いつしか週一回の教室が楽しみになっていた。最近は教室の後、先生が奉仕活動をする教会の卓球台で一戦交え、それから食事に行くようになっている。卓球は私のほうが上手だったのに、先日初めて負けた。ずいぶんと上達しているではないか。聞けば「YouTubeで研究しました」とおっしゃる。1年かけて、中国の強い卓球選手のチャンネルで学んだというのだ。そうまでして私に勝ちたかったのかと思うと、なんともかわいらしい。

ある日、意を決して先生に告白した。もちろん、冗談めかして。

「考えられない。不義です。それは罪です」

一瞬にして振られてしまった。

 

振られてからも、想う気持ちは強くなって

不義。先生には年の離れた妻がいるのだからそのとおりだ。頭では理解している。それでも淡い期待を抱かずにはいられない。いつの日にか、先生の心に、私の気持ちが入り込み、愛してくれるのではないかと。

というのも、確かに振られたのだが、食事や卓球やショーを見に行く時には相変わらず付き合ってくれている。そして会話はいつも弾むのである。そんな時、もしかして先生もプラトニックラブと思ってくれているのではないか、そんなふうに感じてしまう。そして告白してからのほうが、先生を想う気持ちは強くなっている。

駅で命拾いした瞬間を思い出してみる。あの日、直前には先生とイタリアンの夕食を共にした。帰路、見えないけれど、幸せなエネルギーがからだ中を駆け巡っていたのではないか。だからあの時、階段から落ちそうになっても、生きる力を発揮できたのではないか。
ああ、身も心も愛されたい。

しかし、先生とは無理なのかなとも思う。「それは罪です」と断定されたのだから。ならば、いっそ新しい人を探すべきなのか。今どきはインターネットで見つけるのだろうか。それとなく口に出したら「そんな危ないこと、やめたら」と、顔色も変えずに言う。そういうなら、手をつないだり、せめて指一本ぐらい触らせてくれてもいいのに。
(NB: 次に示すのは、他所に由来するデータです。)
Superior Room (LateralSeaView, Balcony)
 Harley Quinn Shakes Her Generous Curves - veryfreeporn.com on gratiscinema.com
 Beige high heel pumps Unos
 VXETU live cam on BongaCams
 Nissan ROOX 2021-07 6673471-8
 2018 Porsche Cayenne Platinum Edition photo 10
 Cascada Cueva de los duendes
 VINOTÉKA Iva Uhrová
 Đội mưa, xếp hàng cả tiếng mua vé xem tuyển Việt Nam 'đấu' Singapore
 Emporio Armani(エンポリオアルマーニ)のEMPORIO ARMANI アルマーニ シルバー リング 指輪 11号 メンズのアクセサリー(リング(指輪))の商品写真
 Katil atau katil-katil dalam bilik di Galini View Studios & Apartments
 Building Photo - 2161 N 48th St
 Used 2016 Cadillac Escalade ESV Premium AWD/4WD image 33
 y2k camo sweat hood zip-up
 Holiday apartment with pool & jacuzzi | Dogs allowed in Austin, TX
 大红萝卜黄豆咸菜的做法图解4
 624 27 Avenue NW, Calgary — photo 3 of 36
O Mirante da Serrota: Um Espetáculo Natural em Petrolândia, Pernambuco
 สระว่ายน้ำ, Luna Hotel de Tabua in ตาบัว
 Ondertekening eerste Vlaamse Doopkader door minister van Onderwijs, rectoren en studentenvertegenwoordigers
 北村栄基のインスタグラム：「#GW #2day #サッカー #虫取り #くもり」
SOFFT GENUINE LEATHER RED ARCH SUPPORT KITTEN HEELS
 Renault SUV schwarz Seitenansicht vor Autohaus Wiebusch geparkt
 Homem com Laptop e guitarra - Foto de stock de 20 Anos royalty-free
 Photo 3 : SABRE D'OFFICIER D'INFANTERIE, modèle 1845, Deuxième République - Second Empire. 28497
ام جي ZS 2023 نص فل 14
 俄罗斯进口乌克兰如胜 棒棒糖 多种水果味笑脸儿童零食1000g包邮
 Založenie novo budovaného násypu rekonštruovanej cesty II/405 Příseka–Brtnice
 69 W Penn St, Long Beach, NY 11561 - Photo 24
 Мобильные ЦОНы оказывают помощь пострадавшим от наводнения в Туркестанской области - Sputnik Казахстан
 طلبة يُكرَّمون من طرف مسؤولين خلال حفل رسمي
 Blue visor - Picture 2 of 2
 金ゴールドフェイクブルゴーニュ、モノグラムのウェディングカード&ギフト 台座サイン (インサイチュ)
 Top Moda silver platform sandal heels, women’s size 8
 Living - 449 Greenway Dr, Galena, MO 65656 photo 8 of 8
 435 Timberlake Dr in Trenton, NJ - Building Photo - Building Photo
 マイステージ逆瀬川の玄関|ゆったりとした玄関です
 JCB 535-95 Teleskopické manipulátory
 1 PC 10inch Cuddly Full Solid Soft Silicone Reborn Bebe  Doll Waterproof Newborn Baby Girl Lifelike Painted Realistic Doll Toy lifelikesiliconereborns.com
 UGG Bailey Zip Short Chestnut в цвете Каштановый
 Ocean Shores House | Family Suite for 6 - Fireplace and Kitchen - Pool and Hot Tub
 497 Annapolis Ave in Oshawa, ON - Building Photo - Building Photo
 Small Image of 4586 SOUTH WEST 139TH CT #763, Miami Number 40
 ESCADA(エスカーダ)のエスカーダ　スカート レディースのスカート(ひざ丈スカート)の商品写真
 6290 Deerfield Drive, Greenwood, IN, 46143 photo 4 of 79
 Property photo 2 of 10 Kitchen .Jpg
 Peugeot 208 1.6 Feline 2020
いま、心は揺れに揺れ、迷いに迷っている。急がないと、後期高齢者の私には、もう後がない。

<電話口の筆者>

「『毎回、食事のお金を出させるなんて、その人はどういうつもりなのよ』と姉に言われたんですよ」と清水さん。「先生」は、教会の奉仕活動などから見ても、質素な暮らしぶりが窺えるのだとか。

「私が出すのは構わないのです。あと数年、80歳ぐらいまではしたいことをしようと決めたのですから。叶うなら、先生と二人きりで旅行に行きたいですね」。